— Exercise prompt —
Given these entries, repeat exactly the lines starting with the one that has "Rubans pour chaises" and going on through the one that has "Mieszkanie na sprzedaż, 64,3 m2, Kołobrzeg", both included, but none of the pictures.

— Extracted records —
____________
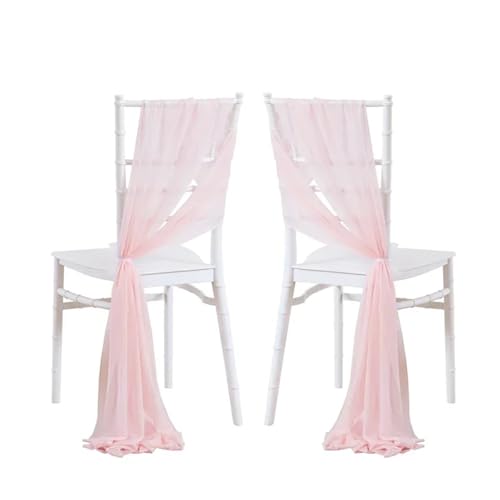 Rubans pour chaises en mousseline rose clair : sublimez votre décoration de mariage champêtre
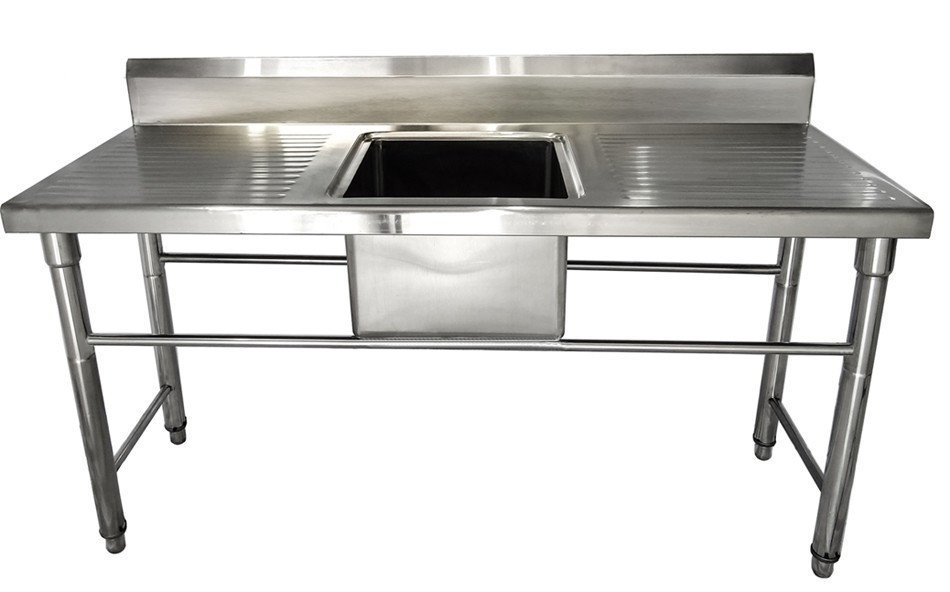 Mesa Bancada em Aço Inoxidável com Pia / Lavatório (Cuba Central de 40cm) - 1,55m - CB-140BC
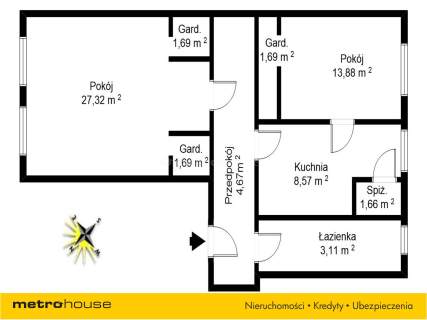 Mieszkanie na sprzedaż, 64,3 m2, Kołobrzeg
____________
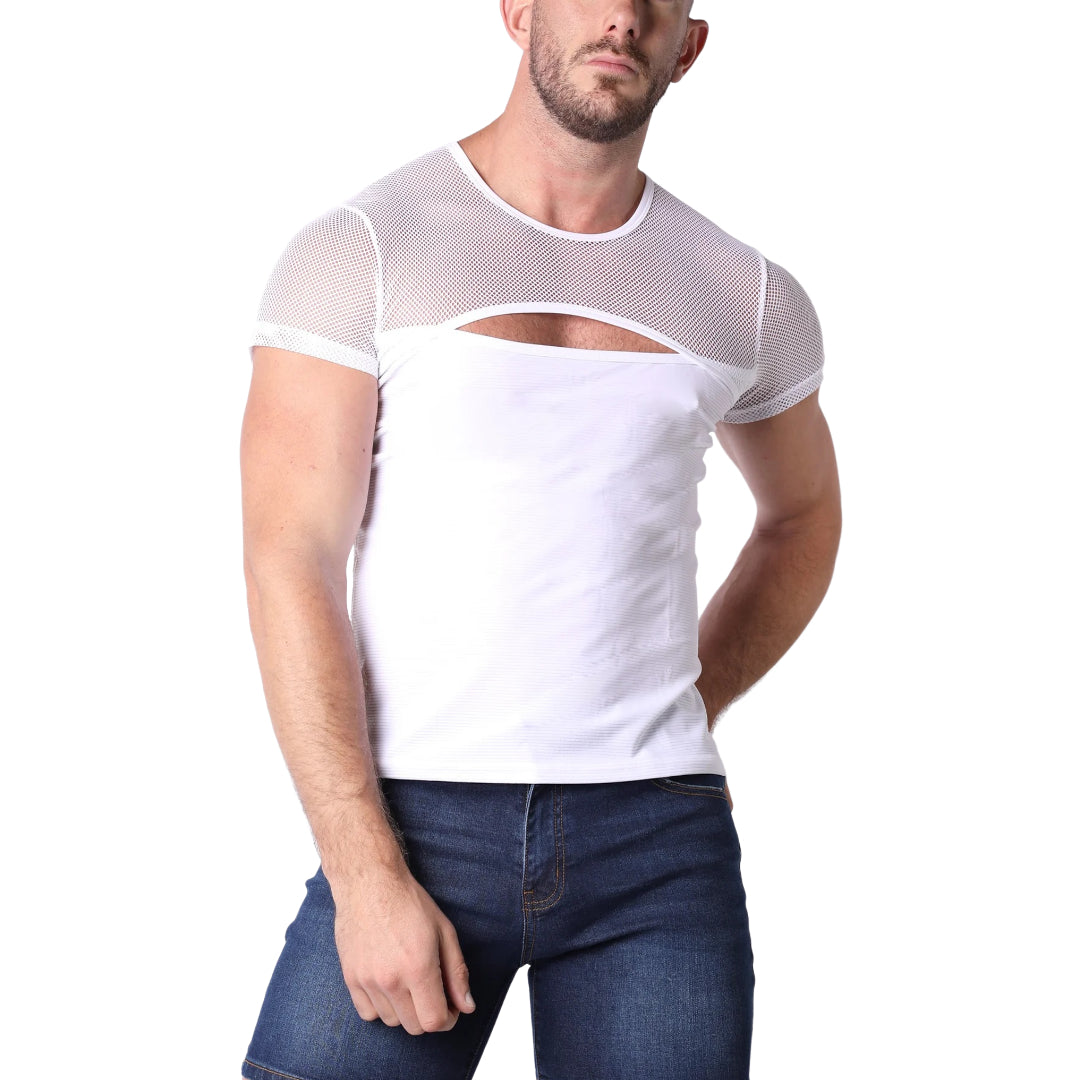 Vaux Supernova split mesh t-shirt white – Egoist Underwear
____________
— Expected output —
 Rubans pour chaises en mousseline rose clair : sublimez votre décoration de mariage champêtre
 Mesa Bancada em Aço Inoxidável com Pia / Lavatório (Cuba Central de 40cm) - 1,55m - CB-140BC
 Mieszkanie na sprzedaż, 64,3 m2, Kołobrzeg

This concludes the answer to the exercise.